▸ MATERIAL PROVIDED
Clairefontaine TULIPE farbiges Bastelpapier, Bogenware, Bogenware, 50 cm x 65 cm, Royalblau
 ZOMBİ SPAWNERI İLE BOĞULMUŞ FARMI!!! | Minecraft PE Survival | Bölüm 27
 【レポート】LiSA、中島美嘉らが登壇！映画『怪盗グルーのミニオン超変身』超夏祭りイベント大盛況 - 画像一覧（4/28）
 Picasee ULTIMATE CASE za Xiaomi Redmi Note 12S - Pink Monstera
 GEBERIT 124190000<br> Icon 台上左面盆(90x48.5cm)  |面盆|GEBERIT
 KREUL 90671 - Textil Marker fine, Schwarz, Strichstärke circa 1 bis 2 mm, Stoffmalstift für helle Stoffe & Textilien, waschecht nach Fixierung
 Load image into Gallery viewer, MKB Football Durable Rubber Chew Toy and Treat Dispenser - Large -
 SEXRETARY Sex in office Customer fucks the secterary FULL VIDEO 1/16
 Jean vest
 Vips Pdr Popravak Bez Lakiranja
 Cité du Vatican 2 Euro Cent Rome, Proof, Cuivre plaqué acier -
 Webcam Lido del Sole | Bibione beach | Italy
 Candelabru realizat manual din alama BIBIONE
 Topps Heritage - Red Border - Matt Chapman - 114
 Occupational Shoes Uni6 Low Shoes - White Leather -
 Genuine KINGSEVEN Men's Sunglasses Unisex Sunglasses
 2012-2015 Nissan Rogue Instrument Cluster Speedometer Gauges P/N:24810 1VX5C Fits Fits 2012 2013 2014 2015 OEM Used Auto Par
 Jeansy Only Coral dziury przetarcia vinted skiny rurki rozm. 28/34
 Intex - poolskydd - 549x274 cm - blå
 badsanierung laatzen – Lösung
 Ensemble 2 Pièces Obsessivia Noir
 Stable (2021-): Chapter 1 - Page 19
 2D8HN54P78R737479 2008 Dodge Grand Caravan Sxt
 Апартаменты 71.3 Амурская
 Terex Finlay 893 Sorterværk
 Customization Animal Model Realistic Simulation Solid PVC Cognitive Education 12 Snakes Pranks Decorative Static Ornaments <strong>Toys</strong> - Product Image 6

▸ WORK TO COMPLETE
Search the data for "2012-2015 Nissan Rogue". Beginning with that line, set down every line through the last exactly.

▸ TASK SOLUTION
 2012-2015 Nissan Rogue Instrument Cluster Speedometer Gauges P/N:24810 1VX5C Fits Fits 2012 2013 2014 2015 OEM Used Auto Par
 Jeansy Only Coral dziury przetarcia vinted skiny rurki rozm. 28/34
 Intex - poolskydd - 549x274 cm - blå
 badsanierung laatzen – Lösung
 Ensemble 2 Pièces Obsessivia Noir
 Stable (2021-): Chapter 1 - Page 19
 2D8HN54P78R737479 2008 Dodge Grand Caravan Sxt
 Апартаменты 71.3 Амурская
 Terex Finlay 893 Sorterværk
 Customization Animal Model Realistic Simulation Solid PVC Cognitive Education 12 Snakes Pranks Decorative Static Ornaments <strong>Toys</strong> - Product Image 6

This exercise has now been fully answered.